_Data extracts_
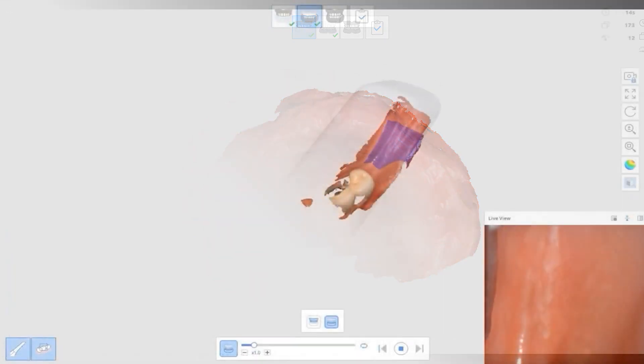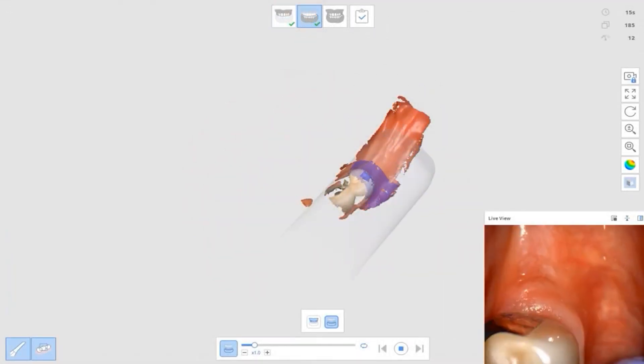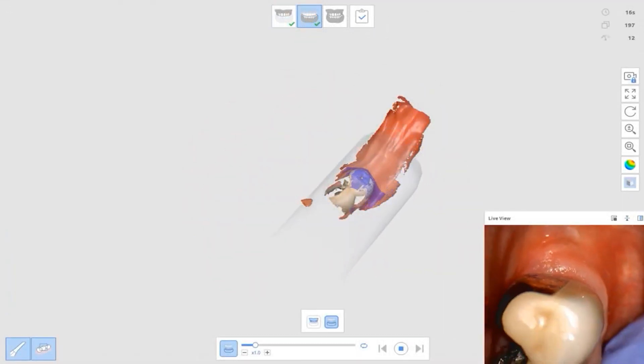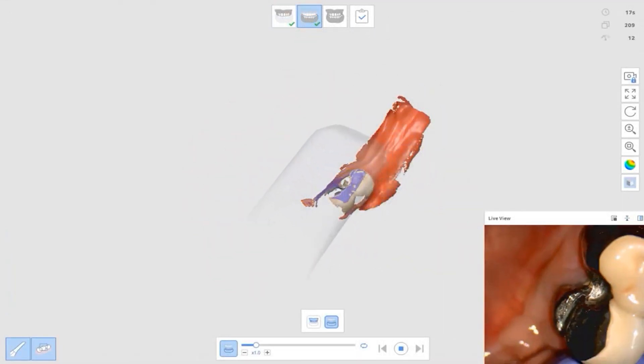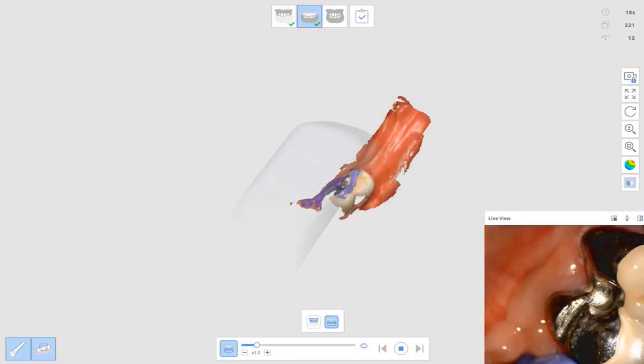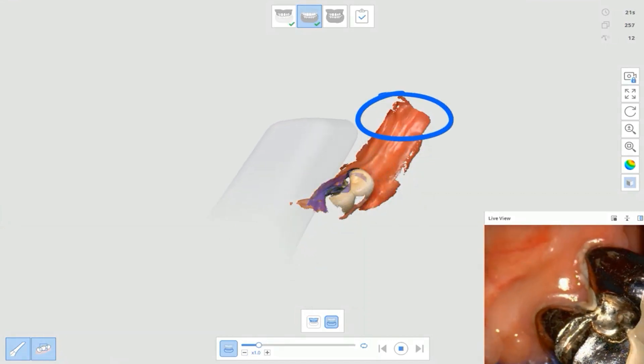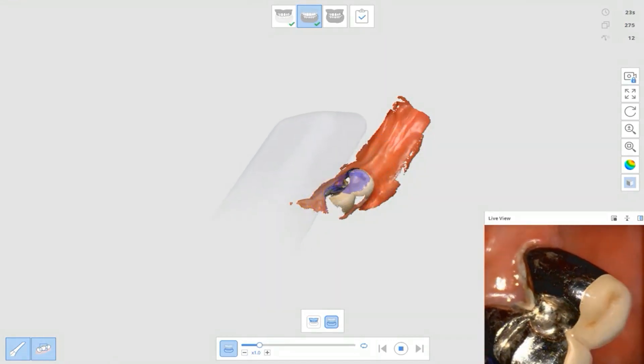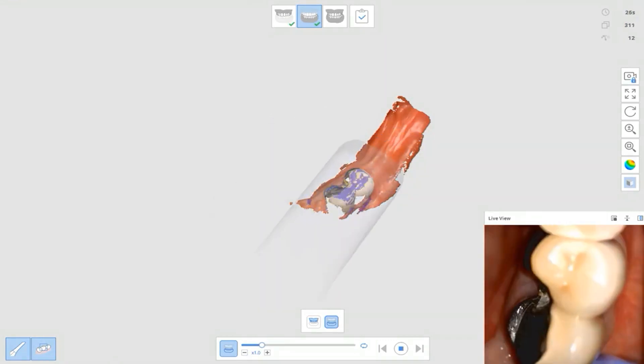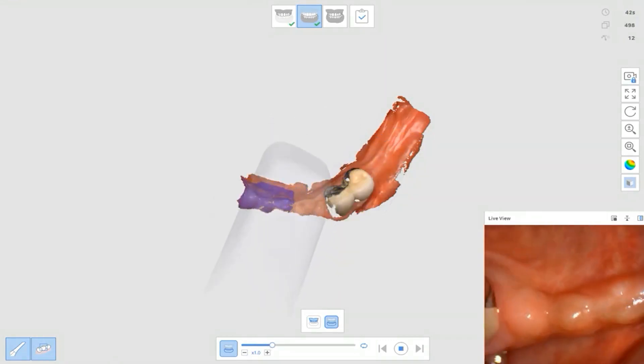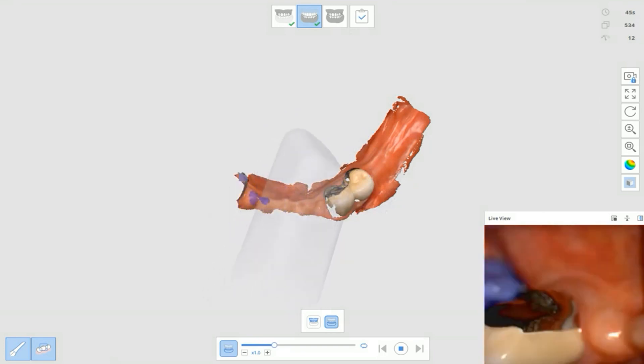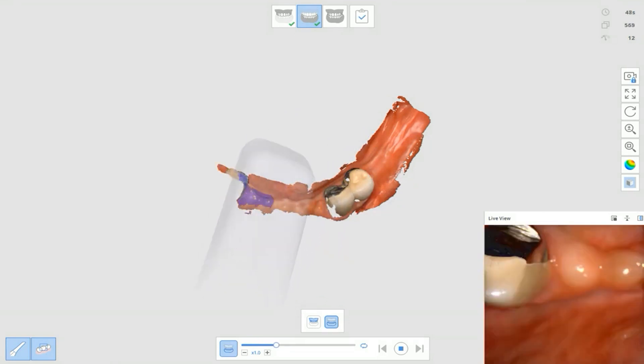The next scan will be the Edentulus mandible. Begin with the retromolar pad. Build up the baseline by scanning the alveolar ridge and reach the opposite side of the retromolar pad.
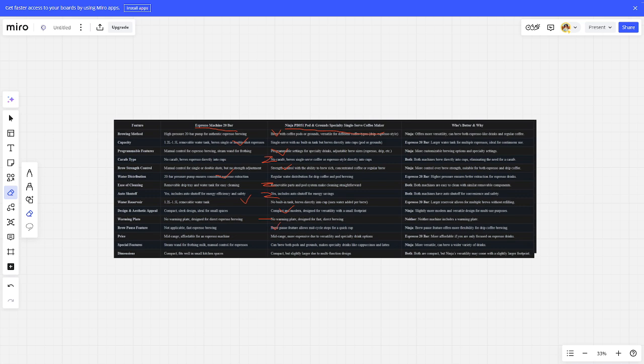Price: Espresse Ventibar is better. Special Features: Ninja is better. Dimensions: It's a tie.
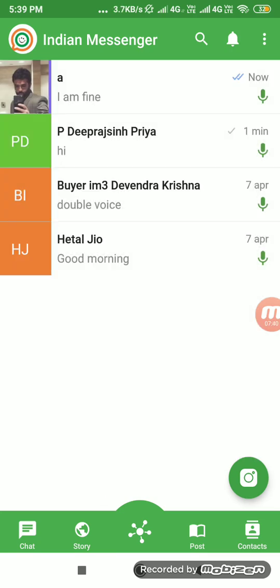This is a complete WhatsApp, WeChat, and Telegram clone with lots of new features you can't find in other messenger applications. It's the best solution available. If you want to start your own chat messenger application, this is the perfect solution — we have all the features of WhatsApp plus additional new features not available in famous apps like WhatsApp and WeChat.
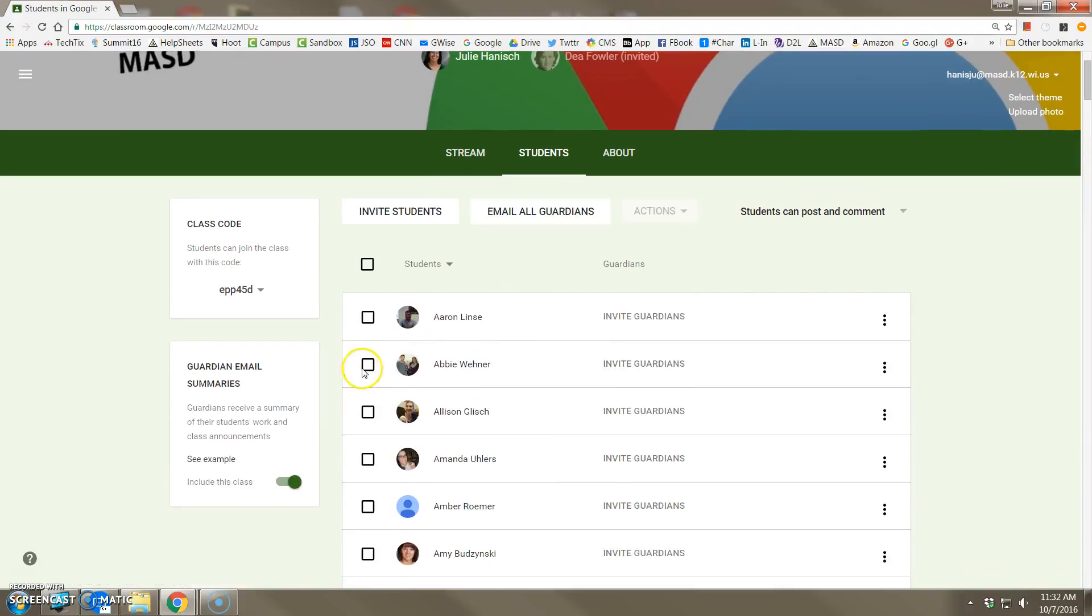Here, by choosing a student or two one at a time or using the toggle box to select all students, you can change some settings.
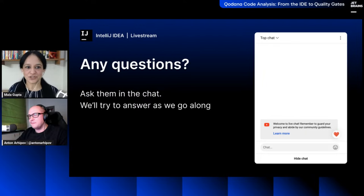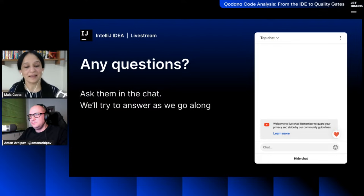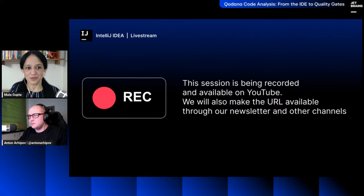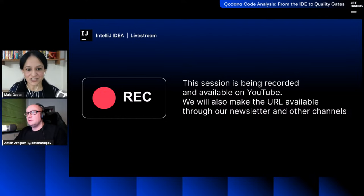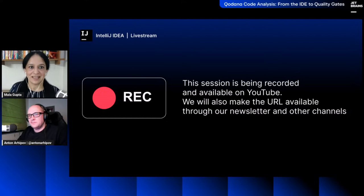Before we let Anton take the stage, some quick housekeeping: please use the YouTube chat to post your questions — we'll try to answer them as you post them. Anton will take breaks during his live demo and at the end of the session. The session is being recorded and will be hosted on the IntelliJ IDEA YouTube channel and JetBrains Twitch channel. Subscribe now and like the video if you enjoy it.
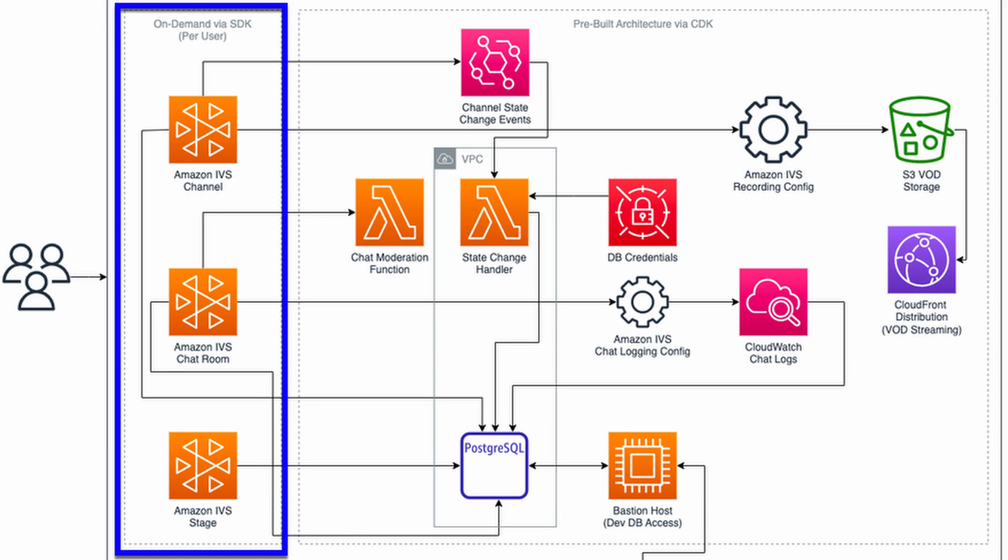When a user registers for a new account, the following set of resources will be created via the AWS SDK for JavaScript version 3: an Amazon IVS channel, an Amazon IVS chat room, and an Amazon IVS stage.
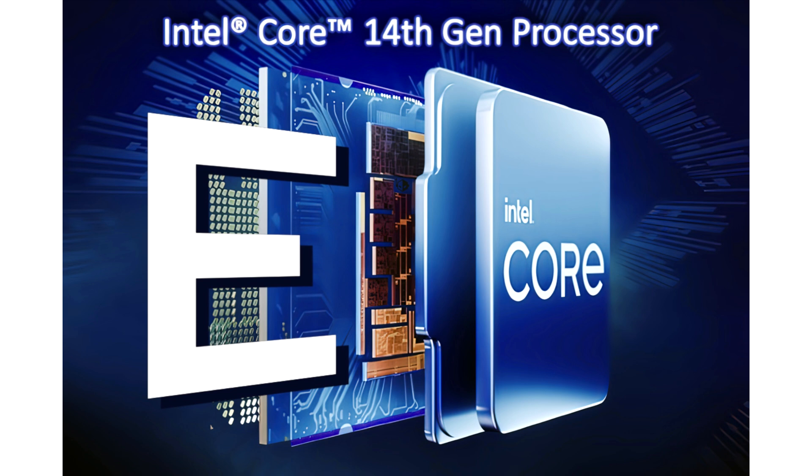Intel Core i9-14901C 8 p-core CPU retains strong multi-threaded performance despite having no e-cores, with over 3000 points in single-threaded tests in Geekbench.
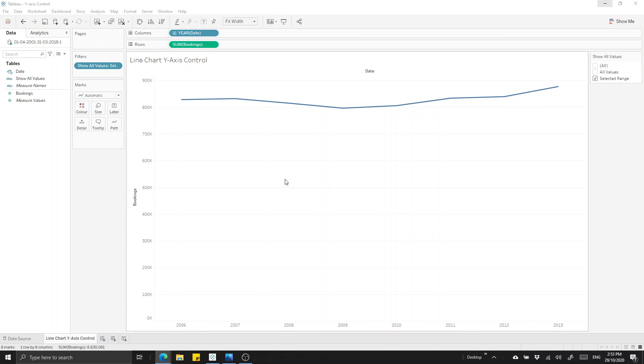This is Grant from Perceptive Data. Sometimes when creating a line chart in Tableau, the automatic y-axis range doesn't allow us to effectively communicate the trend that we're seeing in the data. In this video I'll show you a workaround for gaining more control over your y-axis range.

_What you are asked to do_
Of all the material above, only the lines from the one that has "This is a complete" down to the one that has "Before we let" are to be written out, exactly and with both ends included. Pictures are skipped.

_Answer section_
This is a complete WhatsApp, WeChat, and Telegram clone with lots of new features you can't find in other messenger applications. It's the best solution available. If you want to start your own chat messenger application, this is the perfect solution — we have all the features of WhatsApp plus additional new features not available in famous apps like WhatsApp and WeChat.
Here, by choosing a student or two one at a time or using the toggle box to select all students, you can change some settings.
Before we let Anton take the stage, some quick housekeeping: please use the YouTube chat to post your questions — we'll try to answer them as you post them. Anton will take breaks during his live demo and at the end of the session. The session is being recorded and will be hosted on the IntelliJ IDEA YouTube channel and JetBrains Twitch channel. Subscribe now and like the video if you enjoy it.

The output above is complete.